Responded Nov 13, 2008 07:13AM

King County Aquatic Center is kept at competition temperature (79 - 80) all the time and it is used by Masters, Age Group, and lap swimmers. Some of the kids think it is cold, but they only really complain when they are sitting still watching each others stroke or turns.

Responded Nov 13, 2008 02:07PM

Hence just one reason King Aquatics has so many great swimmers. The program is geared toward performance in all aspects... water temp included. Water that doesn't SHOCK you when you jump in is going to be too hot to train in. Notice I said HOT not warm. During a great practice, you build up so much body heat, 79-80° f is about as warm as it can be, otherwise it's just TOO HOT. Did I mention I don't like to train in HOT WATER. :)

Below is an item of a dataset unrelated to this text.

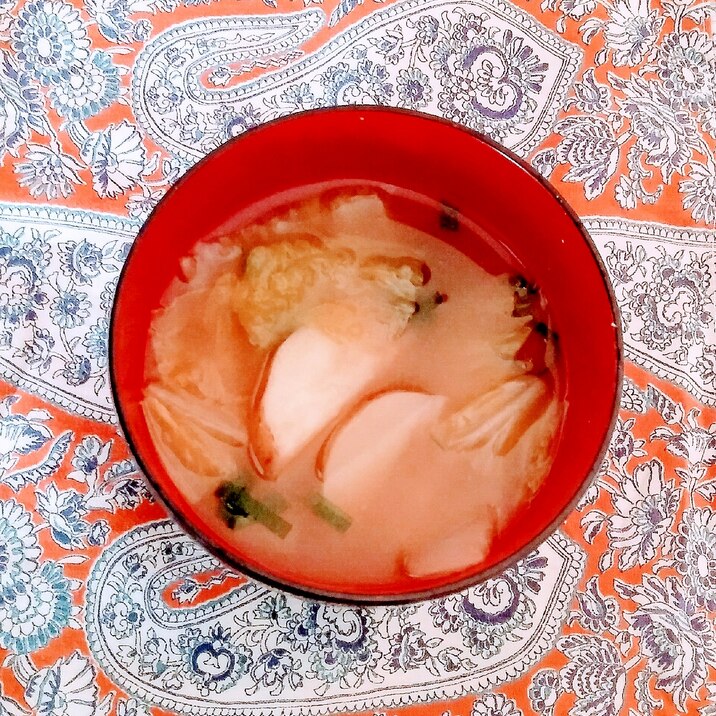 じゃがいもと白菜の味噌汁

Responded Nov 13, 2008 04:10PM

USA Swimming provides guidance at : http://www.usaswimming.org/USASWeb/ViewMis...
which calls for swim team and lap swimming to be between 78 and 82 degrees. My personal favorite for anyone in an organized training sesson (kids and adults) is 80 degrees.

Additionally, swimmer comfort is also related to air temperature which should be +2 degrees from the water temp. So, in my perfect world, the water temp would be 80 degrees and the air temp 82 degrees.